By Brian Lanciault
Impunity Watch Reporter, Asia

PYONGYANG, North Korea– The United States’ top envoy to North Korea urged Pyongyang to free two detained American citizens. The call came after reports this week that in addition to holding a U.S.-Korean Christian missionary, Kenneth Bae, North Korea detained an 85-year-old U.S. citizen, and former Korean War veteran.

U.S. Ambassador Glyn Davies speaks to reporters in Beijing, China, and urges North Korea to release all American detainess in custody. (Photo Courtesy of AP).

According to media reports, Merrill Newman was taken from a plane late last month as he was about to depart from North Korea.

The U.S. government has not specifically confirmed the detention, citing privacy concerns, and North Korea has issued no comment on the matter.

In an interview with reporters in Beijing Thursday morning, U.S. Special Representative for North Korea, Glyn Davies, urged Pyongyang to exercise deep consideration about the two cases, noting the fate of Americans abroad was a critical concern of U.S. foreign policy.

“We of course are calling on North Korea, as in the case of Mr. Kenneth Bae, who has now been there for over a year, to resolve the issue, and to allow our citizens to go free,” Davies said.

The envoy is touring Asia this week amid a renewed push to restart the stunted talks on ending North Korea’s nuclear weapons programs.

He did not draw a clear line between the cases and the international community’s broader efforts. The cases are among several examples of issues frustrating the resumption of nuclear talks with the North.

Davies says his talks in Beijing with his Chinese counterpart, Wu Dawei, were fulfilling. But there was no strong signal that a return to the six-party talks that include the two Koreas, China, Japan, Russia and the United States would resume any time in the near future.

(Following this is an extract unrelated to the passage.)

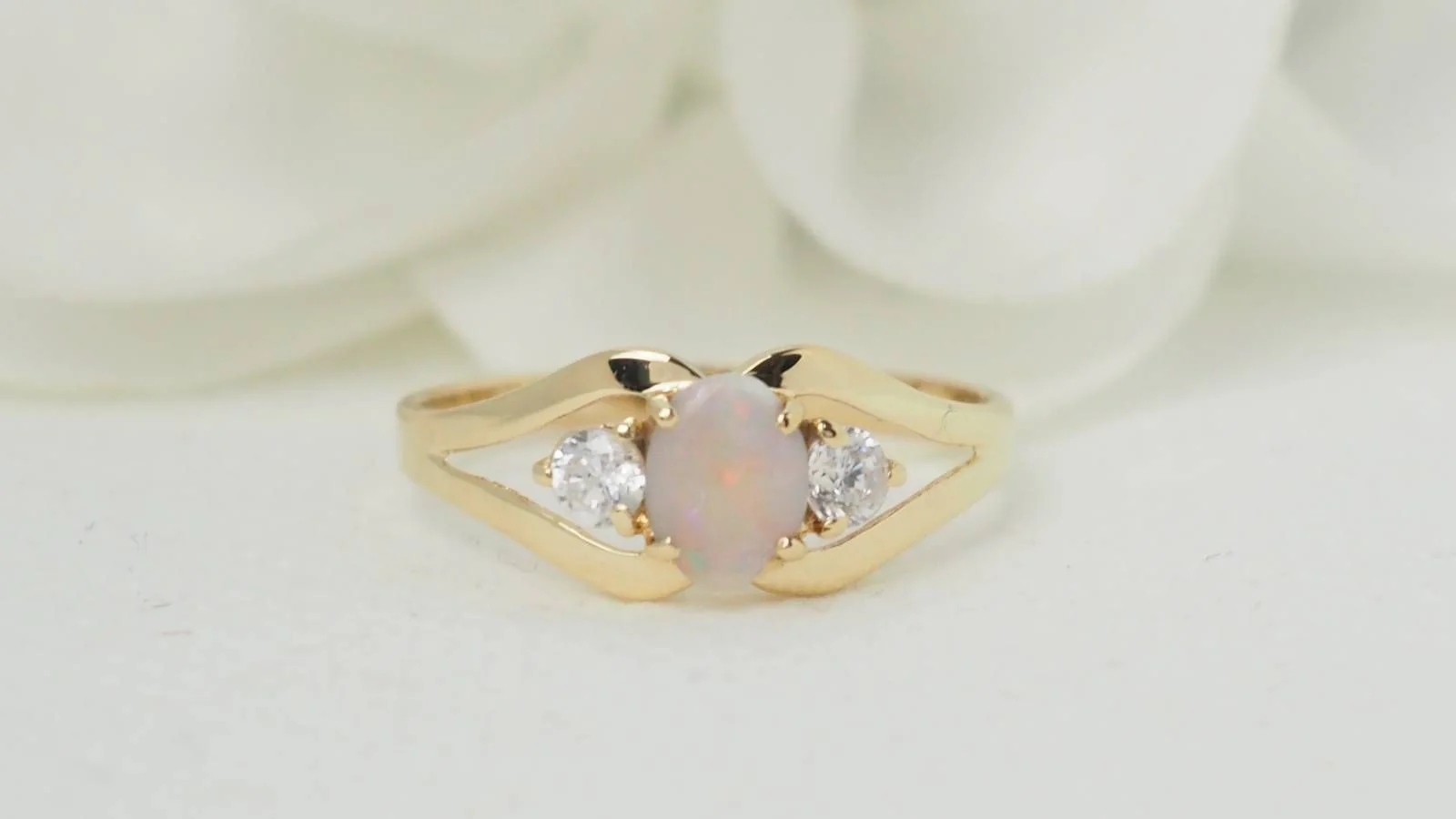 Yellow gold and opal ring - Image 6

“This really is up to North Korea,” noted Davies. “It’s North Korea who seems not seriously interested in making meaningful progress on the nuclear issue. And until we see a manifestation of North Korean seriousness, it’s very difficult for me to know what the prospects are for getting back to Six Party.”

Recently North Korea has been talking about restarting some of its nuclear programs, while at the same time it has suggested new proposals for its return to the six-nation talks on ending atomic programs. The North has also been stressing a dual policy of nuclear and economic development.

North Korea pulled out of the six-nation talks in 2009 and says it is willing to return to the table as long as there are no pre-conditions.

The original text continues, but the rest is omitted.